Remix.run Logo
mynameisash 4 days ago

The comments here are... interesting, as they indicate a strong split between analysts and those engineers that can operationalize things. I see another dimension to it all.

My title is senior data engineer at GAMMA/FAANG/whatever we're calling them. I have a CS degree and am firmly in the engineering. My passion, though, is in using software engineering and computer science principles to make very large-scale data processing as stupid fast as we can. To the extent I can ignore it, I don't personally care much about the tooling and frameworks and such (CI/CD, Airflow, Kafka, whatever). I care about how we're affinitizing our data, how we index it, whether and when we can use data sketches to achieve a good tradeoff between accuracy and compute/memory, and so on.

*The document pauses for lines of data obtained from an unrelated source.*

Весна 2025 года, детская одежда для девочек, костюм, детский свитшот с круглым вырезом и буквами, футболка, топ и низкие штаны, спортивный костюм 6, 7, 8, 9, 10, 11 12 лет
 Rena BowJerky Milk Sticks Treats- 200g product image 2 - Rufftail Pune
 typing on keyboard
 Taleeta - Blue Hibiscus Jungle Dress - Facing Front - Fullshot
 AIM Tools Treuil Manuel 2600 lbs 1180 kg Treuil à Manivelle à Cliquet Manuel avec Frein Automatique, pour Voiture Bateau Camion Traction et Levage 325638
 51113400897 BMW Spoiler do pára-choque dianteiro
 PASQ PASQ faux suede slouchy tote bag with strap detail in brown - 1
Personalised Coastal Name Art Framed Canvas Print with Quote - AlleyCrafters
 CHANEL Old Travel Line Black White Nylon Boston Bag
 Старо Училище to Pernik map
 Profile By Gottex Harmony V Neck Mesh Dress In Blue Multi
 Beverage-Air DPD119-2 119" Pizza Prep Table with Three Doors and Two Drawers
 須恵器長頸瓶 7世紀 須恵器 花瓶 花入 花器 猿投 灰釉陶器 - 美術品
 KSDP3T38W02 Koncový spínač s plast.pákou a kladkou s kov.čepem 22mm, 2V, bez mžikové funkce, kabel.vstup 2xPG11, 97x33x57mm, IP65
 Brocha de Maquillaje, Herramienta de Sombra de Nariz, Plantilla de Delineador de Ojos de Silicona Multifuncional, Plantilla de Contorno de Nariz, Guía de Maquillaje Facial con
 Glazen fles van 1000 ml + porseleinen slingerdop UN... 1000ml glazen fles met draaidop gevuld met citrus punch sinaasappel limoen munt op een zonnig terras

While there are plenty of folks in this thread bashing analysts, one could also bash other "proper" engineers that can do the CI/CD but don't know shit about how to be efficient with petabyte-scale processing.

kentm 3 days ago | parent | next [-]

People who can utilize the tooling to process petabytes of data efficiently aren’t the ones that are catching flack. The people I’m thinking of basically run massive inefficient SQL queries and then throw their hands up when it runs slowly or gets an oom error. They don’t even know how to do an explain plan. And if you try to explain to them things like partitioning, indexes, sketches, etc then they are not able to comprehend and argue that it’s not their job to learn, and that it’s the “proper engineers” job to scale the processing.

CalRobert 3 days ago | parent | next [-]

My boss at a large company years ago wrote a query for daily stats and then proceeded to run it on the entire event history every day for the life of the company just to get DAU, etc. The solution was to just keep paying more for redshift until the bill was a few million a year. Suggestions to fix his crap were met with disdain.

That job taught me a lot.

itsoktocry 3 days ago | parent | prev [-]

>And if you try to explain to them things like partitioning, indexes, sketches, etc then they are not able to comprehend and argue that it’s not their job to learn, and that it’s the “proper engineers” job to scale the processing.

Make up a person and attack him, literal strawman. You sound pleasant to work with.

kentm 3 days ago | parent [-]

I’m referring to actual people I have worked and interacted with so no not made up.

They’re not engineers and shouldn’t have been labeled data engineers. They have some other value to the company, presumably, but trying to repackage them as data engineers does cause issues. That’s the topic of this thread.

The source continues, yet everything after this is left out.